Metric to define the quality of the foreceast

In [14]:
def get_accuracy(x, y):
    return np.mean(np.abs(x - y))/np.mean(x)

In [16]:
from sklearn.linear_model import LinearRegression, Ridge
model = LinearRegression(normalize=True)
lags = [24*4] + list(range(96*7, 96*35, 96))
features = ['wind', 'solar']
print lags
len(lags)

[96, 672, 768, 864, 960, 1056, 1152, 1248, 1344, 1440, 1536, 1632, 1728, 1824, 1920, 2016, 2112, 2208, 2304, 2400, 2496, 2592, 2688, 2784, 2880, 2976, 3072, 3168, 3264]


29

In [17]:
index = data.index 
for lag in lags:
    data['belpex_lag_{}'.format(lag)] = data.belpex.shift(lag)
    features.append('belpex_lag_{}'.format(lag))
data['day_in_year'] = data.index.dayofyear
data = data.ix[index, ]
data = data.dropna()

X = data[features]
y = data.belpex

cv = KFold(n=len(data), n_folds=10, shuffle=False)
data['belpex_pred'] = cross_val_predict(model, X, y, cv=cv, n_jobs=-1)

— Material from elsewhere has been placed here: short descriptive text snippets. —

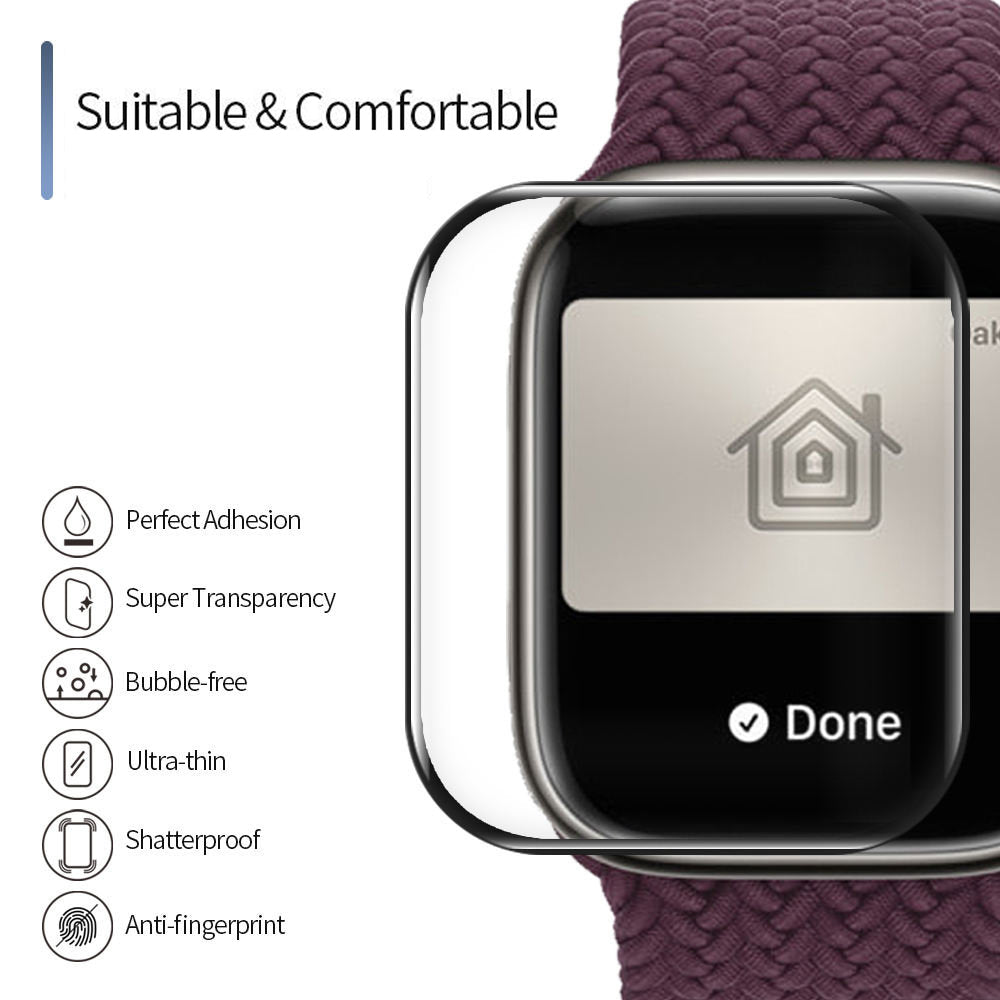 Zaštitna folija Blueo High Molecule za Apple Watch 40mm Series, Kaljeno staklo, Crna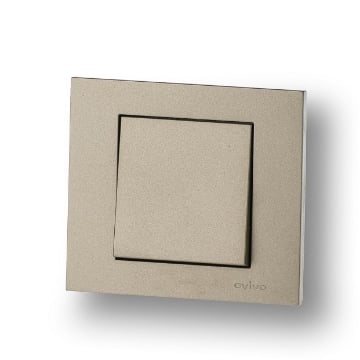 Intrerupator Revenire Ovivo ST Grano Metalic titan OV00203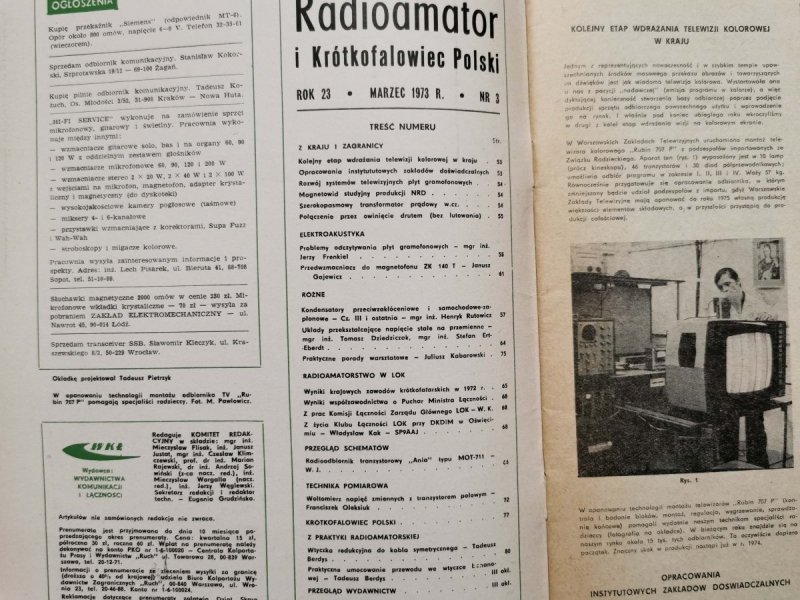 Radioamator i krótkofalowiec 3/1973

print(get_accuracy(data.belpex, data.belpex_pred))


0.154414091176


In [18]:
print features

['wind', 'solar', 'belpex_lag_96', 'belpex_lag_672', 'belpex_lag_768', 'belpex_lag_864', 'belpex_lag_960', 'belpex_lag_1056', 'belpex_lag_1152', 'belpex_lag_1248', 'belpex_lag_1344', 'belpex_lag_1440', 'belpex_lag_1536', 'belpex_lag_1632', 'belpex_lag_1728', 'belpex_lag_1824', 'belpex_lag_1920', 'belpex_lag_2016', 'belpex_lag_2112', 'belpex_lag_2208', 'belpex_lag_2304', 'belpex_lag_2400', 'belpex_lag_2496', 'belpex_lag_2592', 'belpex_lag_2688', 'belpex_lag_2784', 'belpex_lag_2880', 'belpex_lag_2976', 'belpex_lag_3072', 'belpex_lag_3168', 'belpex_lag_3264']


In [19]:
start = datetime.datetime(2016, 1, 1, 0, 0)
end = datetime.datetime(2016, 1, 7, 23, 45)

plt.figure()
data.belpex[start:end].plot(grid=True)
data.belpex_pred[start:end].plot(grid=True)
plt.legend(frameon=False,loc=2)
plt.show()

<IPython.core.display.Javascript object>

# 7. Neural network (a naive implementation)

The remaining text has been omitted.